It depends on what you mean, from what approach etc...

For me I come from it as a reader first, like Joe or Jo Public; then an informed reader (I hope so after close study of haikai literature for almost 20 years); as a fellow editor; and as an advocate of haikai as a literary form, and supporting a publication which acts as an ambassador for what haiku is, for what it can be, for furthering its direction, as no literary form can stand still.

Of course we have great examples of past history from Classic Japan, and 575 syllable haiku practitioners like O. Mabson Southard, and the list goes on.  But its strength, in my opinion, rightly or wrongly, lies in its future strengths, approaches, experimentation being constantly in development, whether successful or not, as long as it's a successful failure, or a well-throught out experiment.

I'm keen on reader development, not just within the haiku community in all its forms, but new audiences, and those who despair of longer poetry or default to simple rhymes or doggerel.

I truly believe haiku can be a standard bearer to those audiences ostracised either by themselves, by schools and other educational facilities, or by aloof poets, who may never visit or revisit the rewarding power that is poetry (in all its forms).

About Roadrunner (http://www.roadrunnerjournal.net/pages_all/aboutroadrunner.htm):
Roadrunner is a quarterly online journal seeking to publish the best and most diverse in English-language haiku (including senryu, zappai and short poetry inspired by haiku).

There is so much that is right in this incredibly simple statement (forgetting terms that might be unfamiliar to some potential readers).  Best and diverse, inclusive, widening the idea of what haiku is, and enabling readers, hopefully, and inspiring writers now, and future.

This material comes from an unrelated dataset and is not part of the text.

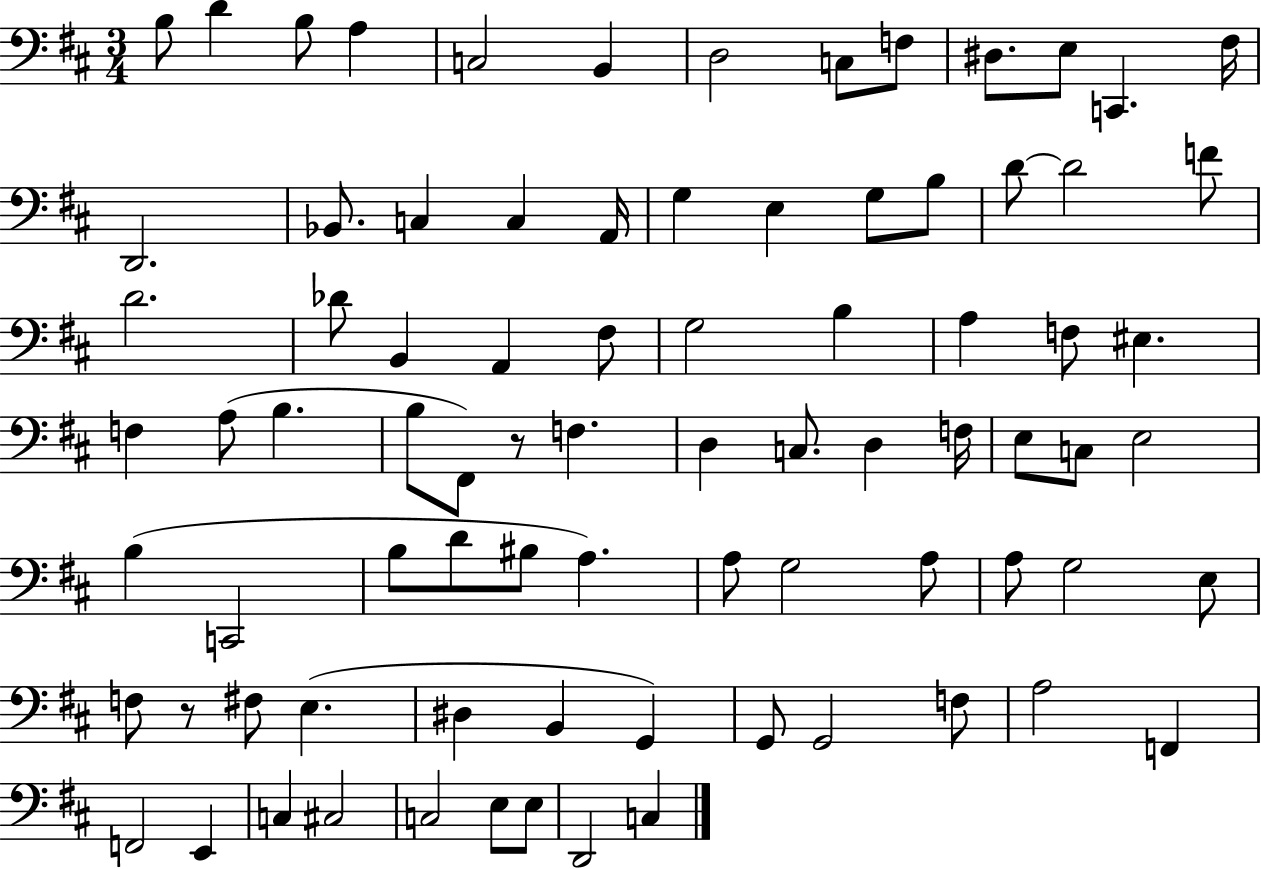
B3/e D4/q B3/e A3/q C3/h B2/q D3/h C3/e F3/e D#3/e. E3/e C2/q. F#3/s D2/h. Bb2/e. C3/q C3/q A2/s G3/q E3/q G3/e B3/e D4/e D4/h F4/e D4/h. Db4/e B2/q A2/q F#3/e G3/h B3/q A3/q F3/e EIS3/q. F3/q A3/e B3/q. B3/e F#2/e R/e F3/q. D3/q C3/e. D3/q F3/s E3/e C3/e E3/h B3/q C2/h B3/e D4/e BIS3/e A3/q. A3/e G3/h A3/e A3/e G3/h E3/e F3/e R/e F#3/e E3/q. D#3/q B2/q G2/q G2/e G2/h F3/e A3/h F2/q F2/h E2/q C3/q C#3/h C3/h E3/e E3/e D2/h C3/q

Roadrunner may have its fans and detractors, and I would never label myself eclectic as that term has been so much abused it feels like a cliché, but it showcases, and it pushes boundaries, yet does not exclude certain styles of haiku (I hope).

Just selecting some poems, otherwise this would be a very long post, and focusing on Roadrunner issue Issue 11.2:


there in the trees to begin with just before and just after love

Richard Gilbert


you watch those fingerprints tumble downriver

John Martone


an old word connects to a new one
the fame the dead
knew

Gary Hotham


celebrity
genitals
a preface

John Stevenson

amidst the black churning of stars my shudder

Jim Kacian


self-scrutiny
as deep
as the snorkel
allows

George Swede

a vast field
of clover
in defense of the realm

Patrick Sweeney

rhymes our small town
the to-fro pendulum of the Earth
winding

paul m.

testing my power real peaches in an imaginary winter

Jim Kacian



moon cradled you recall the voice of another I might be the audience

Richard Gilbert


In the incandescence let me let me read me to you

paul pfleuger jr


for all these storms and streams no north of the present

Philip Rowland


All these poems were deliberately picked without knowing who the author was, and I could have easily most of the poems, but that seemed silly as we have the magazine itself to read the rest.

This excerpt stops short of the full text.